:: WHAT NEEDS TO BE DONE ::
Your task is to copy the lines of the data below from the line holding "Disney Spielzeuge: Riesen" through the line holding "Dior SUNGLASSES", inclusive, exactly and with nothing added.

### MATERIAL PROVIDED ###

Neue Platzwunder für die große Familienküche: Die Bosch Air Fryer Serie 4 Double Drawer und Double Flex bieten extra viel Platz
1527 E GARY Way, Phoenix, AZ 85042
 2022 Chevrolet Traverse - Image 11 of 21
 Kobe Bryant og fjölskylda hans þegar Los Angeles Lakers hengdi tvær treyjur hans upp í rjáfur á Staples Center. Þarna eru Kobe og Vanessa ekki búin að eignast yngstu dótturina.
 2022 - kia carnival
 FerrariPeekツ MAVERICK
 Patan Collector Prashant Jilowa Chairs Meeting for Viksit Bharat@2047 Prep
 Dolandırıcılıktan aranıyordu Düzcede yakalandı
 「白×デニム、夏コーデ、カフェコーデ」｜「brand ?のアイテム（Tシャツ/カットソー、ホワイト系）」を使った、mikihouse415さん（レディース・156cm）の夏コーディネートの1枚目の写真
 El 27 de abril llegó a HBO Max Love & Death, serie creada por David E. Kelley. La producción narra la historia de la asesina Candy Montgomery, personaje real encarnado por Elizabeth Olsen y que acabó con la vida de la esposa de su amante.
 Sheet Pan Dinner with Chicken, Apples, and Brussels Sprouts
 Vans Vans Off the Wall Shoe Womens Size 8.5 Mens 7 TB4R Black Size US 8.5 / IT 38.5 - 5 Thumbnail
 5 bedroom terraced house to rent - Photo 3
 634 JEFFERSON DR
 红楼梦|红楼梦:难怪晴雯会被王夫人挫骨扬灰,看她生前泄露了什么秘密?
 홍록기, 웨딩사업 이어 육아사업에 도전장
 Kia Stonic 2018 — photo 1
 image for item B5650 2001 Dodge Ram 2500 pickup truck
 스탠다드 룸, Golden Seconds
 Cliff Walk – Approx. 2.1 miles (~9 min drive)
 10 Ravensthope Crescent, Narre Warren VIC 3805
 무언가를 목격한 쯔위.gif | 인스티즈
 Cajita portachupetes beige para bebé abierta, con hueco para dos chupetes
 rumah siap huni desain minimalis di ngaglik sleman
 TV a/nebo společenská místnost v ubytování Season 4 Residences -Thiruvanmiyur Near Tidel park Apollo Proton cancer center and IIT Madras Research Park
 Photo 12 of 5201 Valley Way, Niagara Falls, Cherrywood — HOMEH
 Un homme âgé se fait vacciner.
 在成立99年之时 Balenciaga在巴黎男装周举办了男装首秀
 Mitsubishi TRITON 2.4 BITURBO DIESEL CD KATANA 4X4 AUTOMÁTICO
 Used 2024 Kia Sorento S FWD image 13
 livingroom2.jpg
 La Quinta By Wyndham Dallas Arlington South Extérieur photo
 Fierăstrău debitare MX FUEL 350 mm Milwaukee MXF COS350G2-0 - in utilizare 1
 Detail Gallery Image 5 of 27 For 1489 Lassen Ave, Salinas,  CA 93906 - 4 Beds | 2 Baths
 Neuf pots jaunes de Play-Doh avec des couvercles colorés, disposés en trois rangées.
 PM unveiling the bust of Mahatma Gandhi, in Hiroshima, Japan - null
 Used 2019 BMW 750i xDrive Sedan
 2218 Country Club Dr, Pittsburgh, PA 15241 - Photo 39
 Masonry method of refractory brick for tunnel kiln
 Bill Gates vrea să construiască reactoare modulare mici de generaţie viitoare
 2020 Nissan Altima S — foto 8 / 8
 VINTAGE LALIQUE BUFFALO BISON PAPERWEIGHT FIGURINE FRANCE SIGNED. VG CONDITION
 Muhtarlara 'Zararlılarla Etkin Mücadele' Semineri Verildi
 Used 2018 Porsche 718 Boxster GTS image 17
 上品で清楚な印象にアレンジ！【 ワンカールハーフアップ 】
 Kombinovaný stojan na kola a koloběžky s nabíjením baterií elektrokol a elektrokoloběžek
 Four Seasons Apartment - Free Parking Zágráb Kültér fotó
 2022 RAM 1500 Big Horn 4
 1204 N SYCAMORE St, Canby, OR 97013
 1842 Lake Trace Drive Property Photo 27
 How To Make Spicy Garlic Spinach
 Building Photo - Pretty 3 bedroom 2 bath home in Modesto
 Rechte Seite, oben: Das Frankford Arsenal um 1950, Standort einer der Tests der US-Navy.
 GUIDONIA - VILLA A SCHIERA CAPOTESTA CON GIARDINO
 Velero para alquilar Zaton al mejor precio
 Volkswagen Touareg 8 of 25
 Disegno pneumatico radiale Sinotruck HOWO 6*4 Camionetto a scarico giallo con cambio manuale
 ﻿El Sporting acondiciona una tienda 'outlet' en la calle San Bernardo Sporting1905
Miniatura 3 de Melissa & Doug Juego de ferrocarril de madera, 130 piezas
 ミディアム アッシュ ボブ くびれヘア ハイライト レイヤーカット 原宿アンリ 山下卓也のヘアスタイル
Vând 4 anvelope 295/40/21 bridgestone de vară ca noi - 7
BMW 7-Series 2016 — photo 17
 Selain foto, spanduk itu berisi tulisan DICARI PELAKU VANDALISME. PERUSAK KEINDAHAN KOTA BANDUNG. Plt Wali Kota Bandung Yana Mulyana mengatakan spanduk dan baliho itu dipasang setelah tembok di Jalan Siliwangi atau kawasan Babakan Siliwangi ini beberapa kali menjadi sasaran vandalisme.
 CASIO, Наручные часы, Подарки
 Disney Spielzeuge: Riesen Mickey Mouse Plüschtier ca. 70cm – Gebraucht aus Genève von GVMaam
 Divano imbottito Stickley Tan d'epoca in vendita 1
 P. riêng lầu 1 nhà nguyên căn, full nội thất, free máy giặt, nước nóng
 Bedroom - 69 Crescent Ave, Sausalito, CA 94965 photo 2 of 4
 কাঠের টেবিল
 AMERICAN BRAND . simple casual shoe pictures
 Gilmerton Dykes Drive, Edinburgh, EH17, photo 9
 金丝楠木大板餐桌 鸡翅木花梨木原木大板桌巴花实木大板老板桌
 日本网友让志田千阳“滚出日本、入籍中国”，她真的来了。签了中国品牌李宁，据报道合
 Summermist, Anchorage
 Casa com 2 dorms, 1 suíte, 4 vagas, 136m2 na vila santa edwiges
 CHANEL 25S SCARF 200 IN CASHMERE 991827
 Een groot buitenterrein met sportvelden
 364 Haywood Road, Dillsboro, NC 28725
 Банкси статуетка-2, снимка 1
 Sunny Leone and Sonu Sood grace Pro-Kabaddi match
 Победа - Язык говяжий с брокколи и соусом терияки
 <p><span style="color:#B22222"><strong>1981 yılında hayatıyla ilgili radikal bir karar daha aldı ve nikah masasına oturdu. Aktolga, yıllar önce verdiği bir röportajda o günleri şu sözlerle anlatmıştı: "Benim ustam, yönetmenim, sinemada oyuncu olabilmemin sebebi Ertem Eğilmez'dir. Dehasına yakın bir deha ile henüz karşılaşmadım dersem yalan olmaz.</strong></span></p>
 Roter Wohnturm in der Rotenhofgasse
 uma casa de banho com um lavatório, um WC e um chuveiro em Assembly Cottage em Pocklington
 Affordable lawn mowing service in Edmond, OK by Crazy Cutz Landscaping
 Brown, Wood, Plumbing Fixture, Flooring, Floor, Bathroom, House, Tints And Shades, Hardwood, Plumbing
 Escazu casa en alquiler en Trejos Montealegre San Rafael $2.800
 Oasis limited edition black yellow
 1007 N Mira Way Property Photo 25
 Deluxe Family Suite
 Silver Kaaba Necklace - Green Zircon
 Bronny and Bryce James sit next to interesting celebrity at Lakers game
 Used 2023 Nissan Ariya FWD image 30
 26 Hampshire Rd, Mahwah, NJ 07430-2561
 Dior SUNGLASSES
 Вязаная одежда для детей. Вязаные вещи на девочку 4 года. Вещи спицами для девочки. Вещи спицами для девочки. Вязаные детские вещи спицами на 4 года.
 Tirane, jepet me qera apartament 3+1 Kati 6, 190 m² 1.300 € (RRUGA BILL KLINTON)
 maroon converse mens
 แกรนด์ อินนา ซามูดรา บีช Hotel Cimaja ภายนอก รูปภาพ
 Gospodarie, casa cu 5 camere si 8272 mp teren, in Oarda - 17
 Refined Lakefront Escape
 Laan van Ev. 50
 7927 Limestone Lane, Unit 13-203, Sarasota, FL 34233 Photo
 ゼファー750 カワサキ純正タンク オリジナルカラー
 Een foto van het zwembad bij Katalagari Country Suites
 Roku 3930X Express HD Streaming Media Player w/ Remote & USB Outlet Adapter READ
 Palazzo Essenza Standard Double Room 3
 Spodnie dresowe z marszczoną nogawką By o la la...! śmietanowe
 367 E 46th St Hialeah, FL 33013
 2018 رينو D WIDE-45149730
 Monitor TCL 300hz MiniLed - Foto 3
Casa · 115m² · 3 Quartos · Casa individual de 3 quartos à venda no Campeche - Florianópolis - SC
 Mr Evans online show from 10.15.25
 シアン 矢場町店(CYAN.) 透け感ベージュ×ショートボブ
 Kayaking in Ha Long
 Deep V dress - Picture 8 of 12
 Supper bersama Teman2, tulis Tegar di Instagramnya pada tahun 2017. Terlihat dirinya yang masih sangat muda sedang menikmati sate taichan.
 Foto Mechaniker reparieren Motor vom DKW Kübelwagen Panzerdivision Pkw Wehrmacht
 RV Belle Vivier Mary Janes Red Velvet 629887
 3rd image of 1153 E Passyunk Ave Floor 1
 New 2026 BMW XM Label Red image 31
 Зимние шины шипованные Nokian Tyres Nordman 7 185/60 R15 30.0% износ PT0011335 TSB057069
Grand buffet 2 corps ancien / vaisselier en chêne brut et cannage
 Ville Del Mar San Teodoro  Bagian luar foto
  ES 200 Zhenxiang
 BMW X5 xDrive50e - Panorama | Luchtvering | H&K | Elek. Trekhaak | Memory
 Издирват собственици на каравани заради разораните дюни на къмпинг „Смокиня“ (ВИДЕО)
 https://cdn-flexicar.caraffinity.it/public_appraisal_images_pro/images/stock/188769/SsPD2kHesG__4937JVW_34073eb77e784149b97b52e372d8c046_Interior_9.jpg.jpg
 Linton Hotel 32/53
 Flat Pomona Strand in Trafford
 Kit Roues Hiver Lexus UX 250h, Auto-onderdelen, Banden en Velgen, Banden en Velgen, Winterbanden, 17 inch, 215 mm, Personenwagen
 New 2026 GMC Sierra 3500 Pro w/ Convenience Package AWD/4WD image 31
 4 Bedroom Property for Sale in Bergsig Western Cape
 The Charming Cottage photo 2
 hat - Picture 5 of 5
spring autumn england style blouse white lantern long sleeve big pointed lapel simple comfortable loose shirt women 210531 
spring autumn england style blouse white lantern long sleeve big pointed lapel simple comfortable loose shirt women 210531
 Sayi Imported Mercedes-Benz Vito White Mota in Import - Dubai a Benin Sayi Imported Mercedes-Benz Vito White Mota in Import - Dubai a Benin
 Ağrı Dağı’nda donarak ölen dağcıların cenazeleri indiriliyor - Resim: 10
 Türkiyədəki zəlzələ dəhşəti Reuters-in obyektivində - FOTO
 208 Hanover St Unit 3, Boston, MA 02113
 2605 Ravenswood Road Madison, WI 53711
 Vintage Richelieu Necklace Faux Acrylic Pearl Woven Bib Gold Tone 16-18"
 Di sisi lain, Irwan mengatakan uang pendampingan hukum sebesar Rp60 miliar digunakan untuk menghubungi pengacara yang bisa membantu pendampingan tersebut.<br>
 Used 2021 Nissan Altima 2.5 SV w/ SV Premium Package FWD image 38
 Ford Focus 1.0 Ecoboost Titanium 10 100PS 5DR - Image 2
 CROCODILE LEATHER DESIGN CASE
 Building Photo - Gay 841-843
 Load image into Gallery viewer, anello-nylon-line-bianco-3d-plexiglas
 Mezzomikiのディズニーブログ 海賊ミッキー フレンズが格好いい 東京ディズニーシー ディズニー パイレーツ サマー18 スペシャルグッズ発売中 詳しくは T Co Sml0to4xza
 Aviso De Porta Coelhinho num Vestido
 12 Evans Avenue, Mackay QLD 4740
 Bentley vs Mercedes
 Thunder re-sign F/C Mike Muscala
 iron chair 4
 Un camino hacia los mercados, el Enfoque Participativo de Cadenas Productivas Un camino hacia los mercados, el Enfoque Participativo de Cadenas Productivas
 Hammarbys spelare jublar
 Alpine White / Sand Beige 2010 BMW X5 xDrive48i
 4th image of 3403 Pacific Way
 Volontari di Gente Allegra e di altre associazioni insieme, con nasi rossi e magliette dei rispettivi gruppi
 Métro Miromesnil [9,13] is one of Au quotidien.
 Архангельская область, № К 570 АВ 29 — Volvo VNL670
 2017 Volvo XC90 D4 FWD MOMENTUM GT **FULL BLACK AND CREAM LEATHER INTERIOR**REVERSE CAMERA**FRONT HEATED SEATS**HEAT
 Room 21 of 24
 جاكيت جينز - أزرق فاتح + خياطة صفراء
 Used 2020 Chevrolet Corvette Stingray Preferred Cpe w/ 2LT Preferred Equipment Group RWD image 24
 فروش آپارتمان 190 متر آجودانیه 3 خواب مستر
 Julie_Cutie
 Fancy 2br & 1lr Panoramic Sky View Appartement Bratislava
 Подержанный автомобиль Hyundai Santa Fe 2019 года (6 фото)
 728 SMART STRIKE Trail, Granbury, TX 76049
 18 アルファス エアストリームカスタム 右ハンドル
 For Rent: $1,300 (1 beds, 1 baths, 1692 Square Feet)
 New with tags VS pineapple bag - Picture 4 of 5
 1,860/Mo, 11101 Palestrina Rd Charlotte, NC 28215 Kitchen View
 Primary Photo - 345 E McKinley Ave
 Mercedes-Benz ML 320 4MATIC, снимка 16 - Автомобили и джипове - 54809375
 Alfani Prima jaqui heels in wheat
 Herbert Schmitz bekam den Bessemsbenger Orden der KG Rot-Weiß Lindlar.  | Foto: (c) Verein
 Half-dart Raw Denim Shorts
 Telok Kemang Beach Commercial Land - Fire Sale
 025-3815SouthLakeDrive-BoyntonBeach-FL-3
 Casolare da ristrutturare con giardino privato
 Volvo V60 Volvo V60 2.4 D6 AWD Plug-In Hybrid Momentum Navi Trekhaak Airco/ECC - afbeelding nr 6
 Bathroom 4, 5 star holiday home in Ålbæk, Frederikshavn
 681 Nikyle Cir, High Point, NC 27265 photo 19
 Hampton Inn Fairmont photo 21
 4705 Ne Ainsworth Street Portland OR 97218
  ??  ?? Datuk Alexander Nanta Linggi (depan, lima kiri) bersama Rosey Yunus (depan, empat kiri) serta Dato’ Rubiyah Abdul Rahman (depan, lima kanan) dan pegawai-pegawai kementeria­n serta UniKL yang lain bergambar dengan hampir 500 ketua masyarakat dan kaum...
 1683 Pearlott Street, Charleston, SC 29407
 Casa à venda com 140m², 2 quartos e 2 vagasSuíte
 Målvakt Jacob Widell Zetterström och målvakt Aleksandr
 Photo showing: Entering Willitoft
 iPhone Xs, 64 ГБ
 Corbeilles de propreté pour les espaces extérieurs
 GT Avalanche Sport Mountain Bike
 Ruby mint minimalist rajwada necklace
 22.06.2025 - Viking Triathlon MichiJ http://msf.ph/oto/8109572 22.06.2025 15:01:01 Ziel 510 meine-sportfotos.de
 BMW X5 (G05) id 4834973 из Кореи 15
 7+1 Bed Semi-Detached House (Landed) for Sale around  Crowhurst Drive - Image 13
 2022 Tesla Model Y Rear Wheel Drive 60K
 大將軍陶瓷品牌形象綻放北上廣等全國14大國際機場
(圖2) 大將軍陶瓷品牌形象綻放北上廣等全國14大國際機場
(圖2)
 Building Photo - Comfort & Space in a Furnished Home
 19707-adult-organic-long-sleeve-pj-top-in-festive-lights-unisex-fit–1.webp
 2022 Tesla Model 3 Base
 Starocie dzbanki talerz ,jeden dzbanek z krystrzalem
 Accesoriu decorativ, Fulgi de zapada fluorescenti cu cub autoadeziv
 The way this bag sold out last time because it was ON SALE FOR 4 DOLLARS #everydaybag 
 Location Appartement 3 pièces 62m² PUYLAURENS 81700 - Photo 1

###

:: SOLUTION TO THIS TASK ::
 Disney Spielzeuge: Riesen Mickey Mouse Plüschtier ca. 70cm – Gebraucht aus Genève von GVMaam
 Divano imbottito Stickley Tan d'epoca in vendita 1
 P. riêng lầu 1 nhà nguyên căn, full nội thất, free máy giặt, nước nóng
 Bedroom - 69 Crescent Ave, Sausalito, CA 94965 photo 2 of 4
 কাঠের টেবিল
 AMERICAN BRAND . simple casual shoe pictures
 Gilmerton Dykes Drive, Edinburgh, EH17, photo 9
 金丝楠木大板餐桌 鸡翅木花梨木原木大板桌巴花实木大板老板桌
 日本网友让志田千阳“滚出日本、入籍中国”，她真的来了。签了中国品牌李宁，据报道合
 Summermist, Anchorage
 Casa com 2 dorms, 1 suíte, 4 vagas, 136m2 na vila santa edwiges
 CHANEL 25S SCARF 200 IN CASHMERE 991827
 Een groot buitenterrein met sportvelden
 364 Haywood Road, Dillsboro, NC 28725
 Банкси статуетка-2, снимка 1
 Sunny Leone and Sonu Sood grace Pro-Kabaddi match
 Победа - Язык говяжий с брокколи и соусом терияки
 <p><span style="color:#B22222"><strong>1981 yılında hayatıyla ilgili radikal bir karar daha aldı ve nikah masasına oturdu. Aktolga, yıllar önce verdiği bir röportajda o günleri şu sözlerle anlatmıştı: "Benim ustam, yönetmenim, sinemada oyuncu olabilmemin sebebi Ertem Eğilmez'dir. Dehasına yakın bir deha ile henüz karşılaşmadım dersem yalan olmaz.</strong></span></p>
 Roter Wohnturm in der Rotenhofgasse
 uma casa de banho com um lavatório, um WC e um chuveiro em Assembly Cottage em Pocklington
 Affordable lawn mowing service in Edmond, OK by Crazy Cutz Landscaping
 Brown, Wood, Plumbing Fixture, Flooring, Floor, Bathroom, House, Tints And Shades, Hardwood, Plumbing
 Escazu casa en alquiler en Trejos Montealegre San Rafael $2.800
 Oasis limited edition black yellow
 1007 N Mira Way Property Photo 25
 Deluxe Family Suite
 Silver Kaaba Necklace - Green Zircon
 Bronny and Bryce James sit next to interesting celebrity at Lakers game
 Used 2023 Nissan Ariya FWD image 30
 26 Hampshire Rd, Mahwah, NJ 07430-2561
 Dior SUNGLASSES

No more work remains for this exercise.